Published in the Annals of Internal Medicine, the findings underscore the increasing importance for doctors to think about more than Lyme, the region’s most common tick-borne disease, when they see a patient who was or could have been bitten by a tick. The authors said the cases also may give a hint about why some patients who test negative for Lyme become sick with similar symptoms.
The new infection, caused by the bacterium Borrelia miyamotoi, is the fifth human disease known to be spread by blood-sucking deer ticks, which transmit disease largely in the spring and summer.
“The big message is everyone who gets tested for Lyme disease should get [tested] for all five,” said Sam R. Telford III, a professor at Tufts Cummings School of Veterinary Medicine who studies tick-borne diseases and is one of the authors.
Telford said there are many unknowns about the disease, which he is calling b. miyamotoi disease, or BMD, including whether it can be a chronic infection. In all reported cases thus far, patients made a full recovery after being treated with antibiotics. The illness causes severe flu-like symptoms, and in at least one previously reported case in an elderly woman, caused confusion, weight loss, hearing problems, and a wobbly gait.
Researchers from Yale University, Tufts, and other institutions announced the first known US cases in January. The bacterium was known to exist in deer ticks for about a decade, but it was not believed to cause human illness until researchers last year linked it to 46 sick people in Russia, some with relapsing fevers.
Researchers now estimate that 1 percent of the population in areas where Lyme disease is widespread, such as Western Massachusetts and Cape Cod and the Islands, may have been exposed to the new bacterium, which can be transmitted by the tick when it is as small as a poppy seed. Lyme disease is thought to be 7 to 10 times more prevalent in these areas. It is unclear how many people who are exposed to the newly identified bacterium get sick.
The paper examined a 61-year-old man from Massachusetts’ South Coast and an 87-year-old from New Jersey. The 61-year-old went to Dr. Hanumara Ram Chowdri in New Bedford last August with an acute-onset fever, shaking chills, worsening headache, loss of appetite, and chest pain, among other symptoms. He was admitted to the hospital and did not recall having been bitten by a tick. Doctors believed he had anaplasmosis, another tick-borne bacterial disease, and began treating him with intravenous antibiotics. He eventually got better, yet not as fast as doctors would have expected if he had anaplasmosis. The New Jersey patient was also thought to have anaplasmosis.

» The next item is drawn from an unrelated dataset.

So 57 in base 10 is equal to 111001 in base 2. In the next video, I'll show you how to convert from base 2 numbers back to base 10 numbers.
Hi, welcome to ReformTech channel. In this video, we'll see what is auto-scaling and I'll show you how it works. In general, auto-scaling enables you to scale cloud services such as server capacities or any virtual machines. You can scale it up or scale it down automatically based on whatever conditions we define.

Both patients’ blood was sent to Imugen Inc., a Norwood research and diagnostic lab that conducts testing for tick-borne diseases. It did not show anaplasmosis.

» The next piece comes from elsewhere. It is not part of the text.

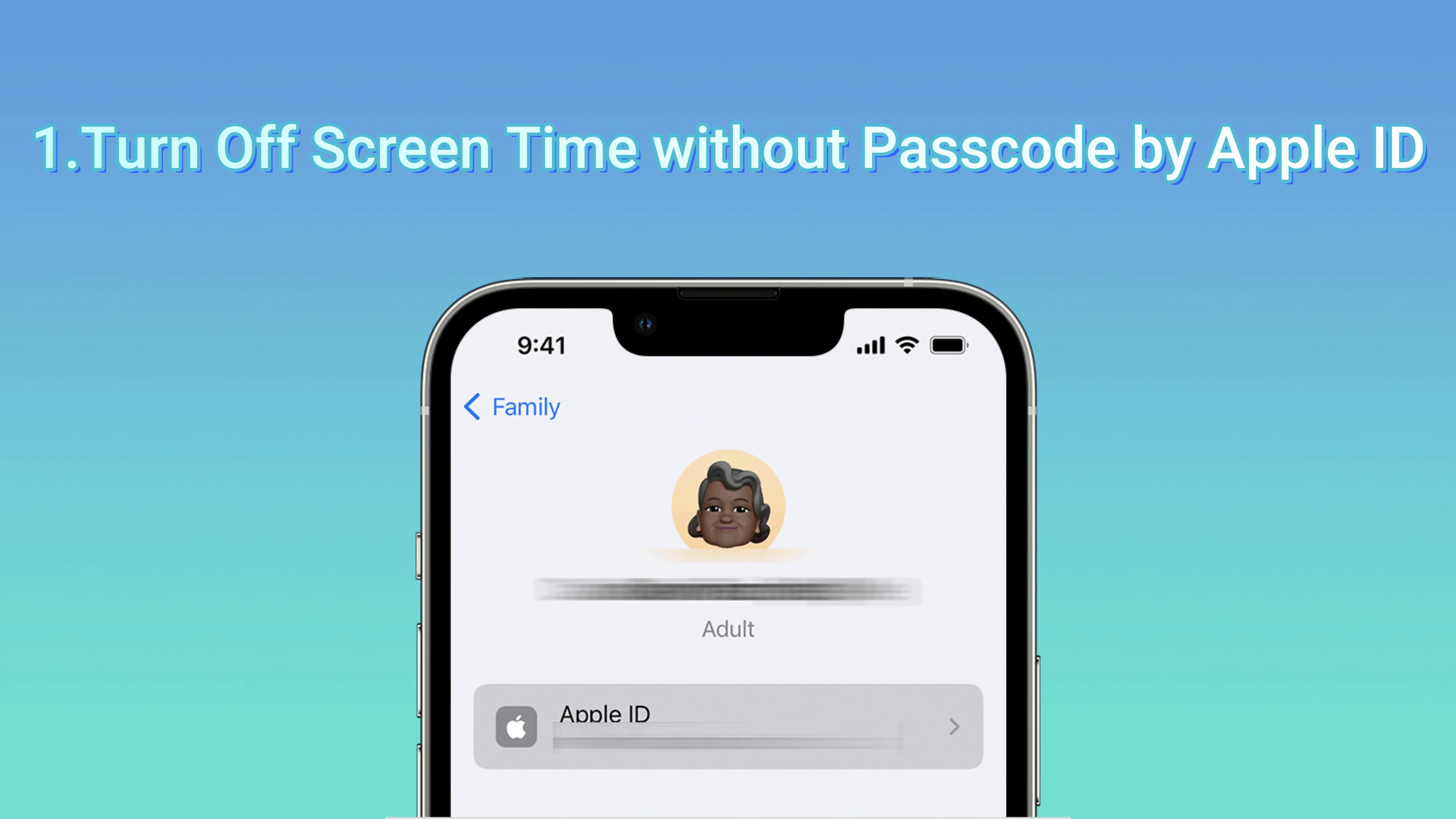When it signs out successfully, click Screen Time and choose Turn Off Screen Time. Then it's done.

The physicians “were very surprised the patients did not have anaplasmosis; their clinical presentation seemed unequivocal,’’ said Victor P. Berardi, chief executive and senior scientist at Imugen and an author on the paper. His lab found the bacterium; Telford’s lab confirmed the diagnosis.
Peter Krause, senior research scientist at the Yale School of Public Health and School of Medicine who studies the organism, said the bacterium is a distant cousin to the Lyme bacterium. But unlike Lyme, the borrelia can cause a relapsing fever, meaning someone can get a fever, recover, and get it again if not treated. The bacterium is also different from Lyme in that adult females can pass the pathogen to the next generation. Deer ticks are always born uninfected with Lyme and get it from an animal host.